When A Trust Unclean get it right, like on ‘Feckless Tradition’, they’re a raging, swirling, diverse ADD mass of deathcored Slipknotisms, confident enough in breaking out into atmospheric progressive guitaring, enhanced by some delightful sci-fi leadwork that spirals back to a violent chug; ‘Perverse Agenda’ curls into a juddering violent Cryptopsy-ed verse, broken by ubiquitious slab-paced stomps, a refined melodic build to solo under the chorus.
Business continues to pick up as we traverse the core of the EP, Scott Horne demonstrates his percussive abilities, not overusing blasts or kicks, like the demon carriage driver only letting the hellhounds off the leash intermittently and when it’s best needed; such as on the title track where technical interchanges sputter before a riff that feels deliberately restrained at the leash is tightly reigned in before exploding into the chorus.

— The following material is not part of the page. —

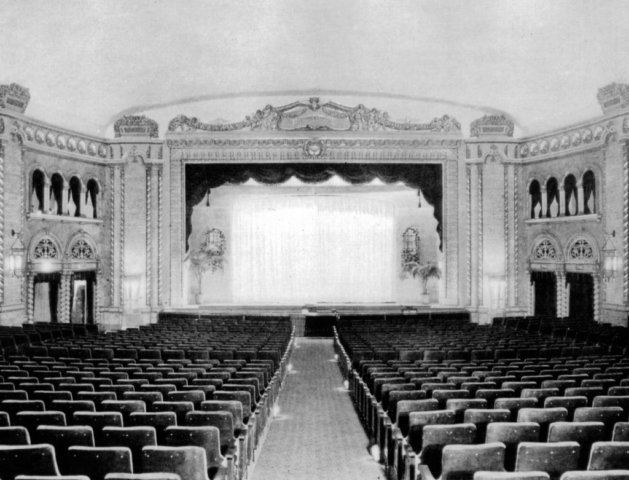 "Canada's Theatre Beautiful," the Runnymede Theatre, as it appeared inside when opened in 1927. It was built in an 'atmospheric' style to simulate open air, with a curved azure blue ceiling surrounded by a simulated garden wall.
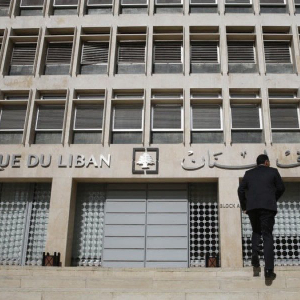 Lebanese citizens face cash crisis as the central bank imposes withdrawal restrictions.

All this is a relief as the EP actually kicks off with a tired, cliché car-crash of deathcore 101 – electronic build into a stop/start staccato riff, downtuned tech metal riff-to-squeal, sub bass leading to a brainless breakdowns; it’s a disjointed mess. When hanging around the lowest common denominator end of deathcore this is by numbers, but fortunately, due to the frequency with which the band flit from idea to idea, this occurs, track one aside, at brief intervals only.
Arrangements can, at times, feel they’re borne from a “chuck it all in the blender” approach to song-writing, though this leads to songs taking unexpected and interesting turns and when A Trust Unclean are at their most progressive and creative is when they are at their best; sprinkling deathcore tropes on top, like a demonic piri-piri, rather than utilizing their more generic ideas as the main sauce.